_Aim of the task_
Each line from the one that has "this 560×316 image." through the end of the entries below must be written out exactly; leave out all other lines.

_Exercise inputs_
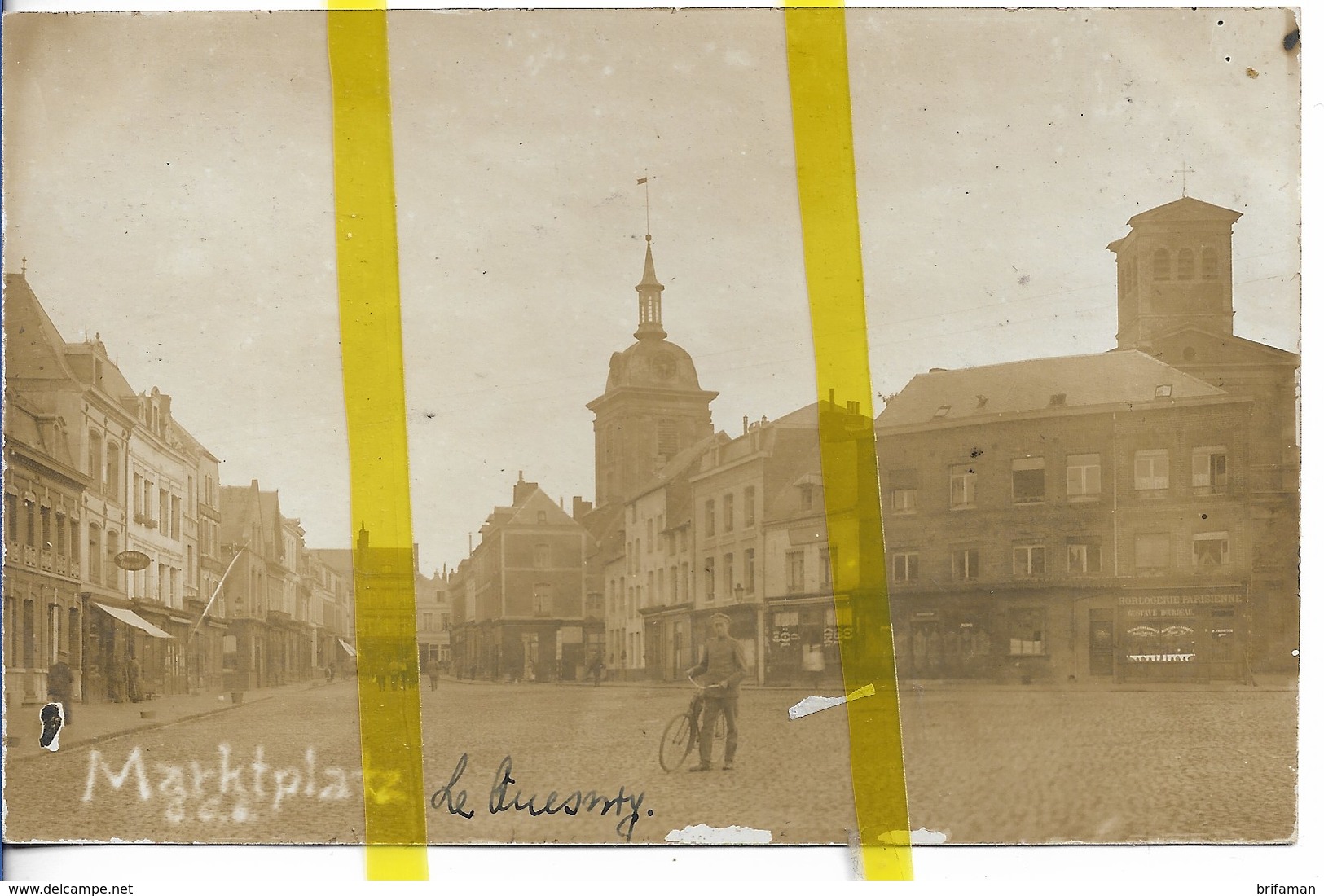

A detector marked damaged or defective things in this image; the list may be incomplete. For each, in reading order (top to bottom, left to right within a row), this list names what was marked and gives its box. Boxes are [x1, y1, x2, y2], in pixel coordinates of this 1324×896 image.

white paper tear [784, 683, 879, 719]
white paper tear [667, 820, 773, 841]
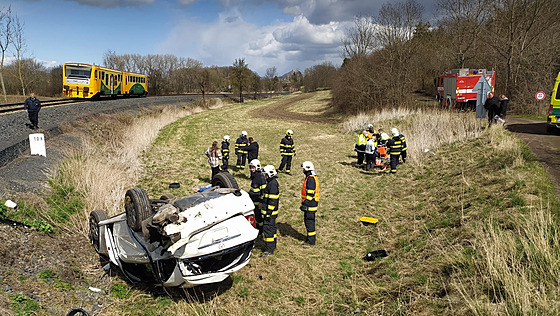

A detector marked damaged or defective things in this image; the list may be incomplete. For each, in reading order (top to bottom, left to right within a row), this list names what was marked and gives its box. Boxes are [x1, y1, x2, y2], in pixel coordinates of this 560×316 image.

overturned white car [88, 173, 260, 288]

_Answer area_
A detector marked damaged or defective things in this image; the list may be incomplete. For each, in reading order (top to bottom, left to right within a row), this list names what was marked and gives its box. Boxes are [x1, y1, x2, y2], in pixel coordinates of this 560×316 image.

overturned white car [88, 173, 260, 288]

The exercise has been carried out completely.